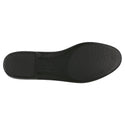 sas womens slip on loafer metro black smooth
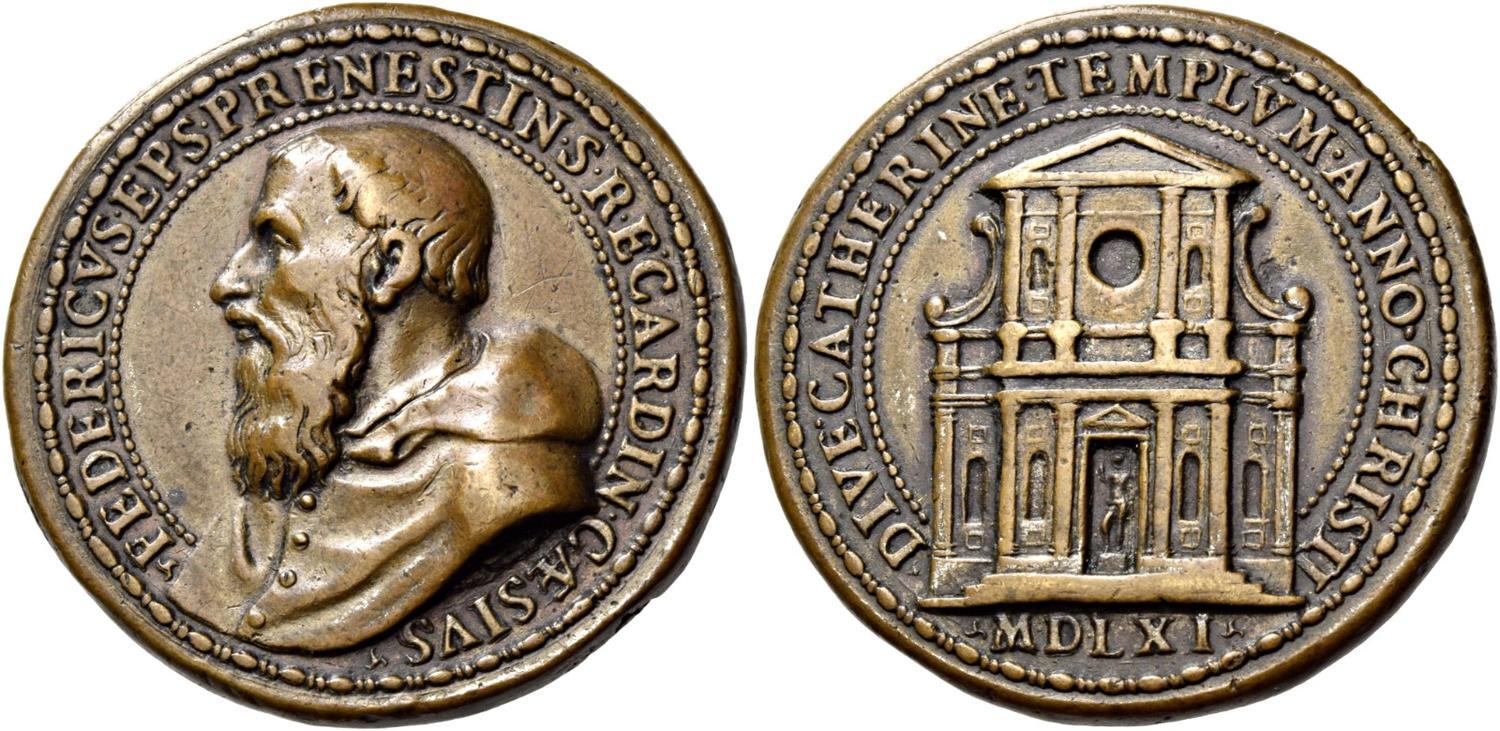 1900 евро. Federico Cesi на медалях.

+===+

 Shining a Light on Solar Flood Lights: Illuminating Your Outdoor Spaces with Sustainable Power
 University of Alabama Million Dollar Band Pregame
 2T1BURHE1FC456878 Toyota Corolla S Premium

+===+

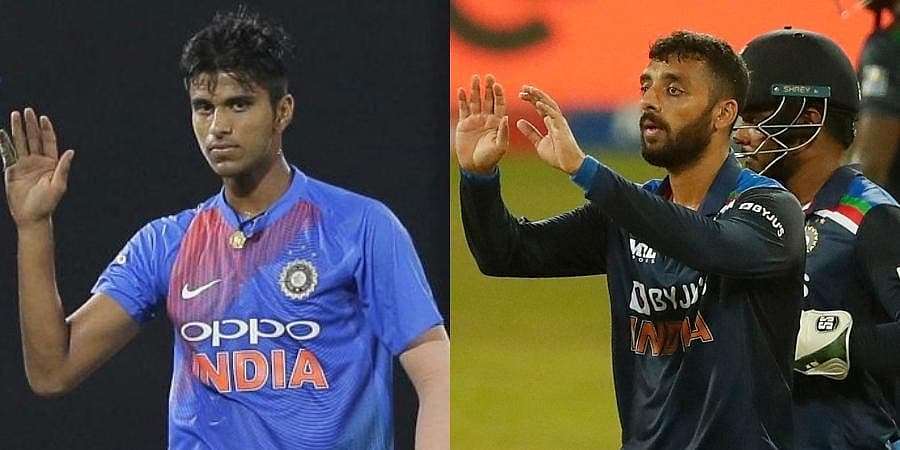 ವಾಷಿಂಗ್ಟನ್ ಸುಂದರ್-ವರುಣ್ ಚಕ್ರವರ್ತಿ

+===+

▶ _EXERCISE_
While skipping the pictures, transcribe the data above from the line showing "sas womens slip on loafer metro black smooth" through the line showing "1900 евро. Federico Cesi на медалях.", exactly and with both ends.

▶ _SOLUTION TO THIS PROBLEM_
 sas womens slip on loafer metro black smooth
 1900 евро. Federico Cesi на медалях.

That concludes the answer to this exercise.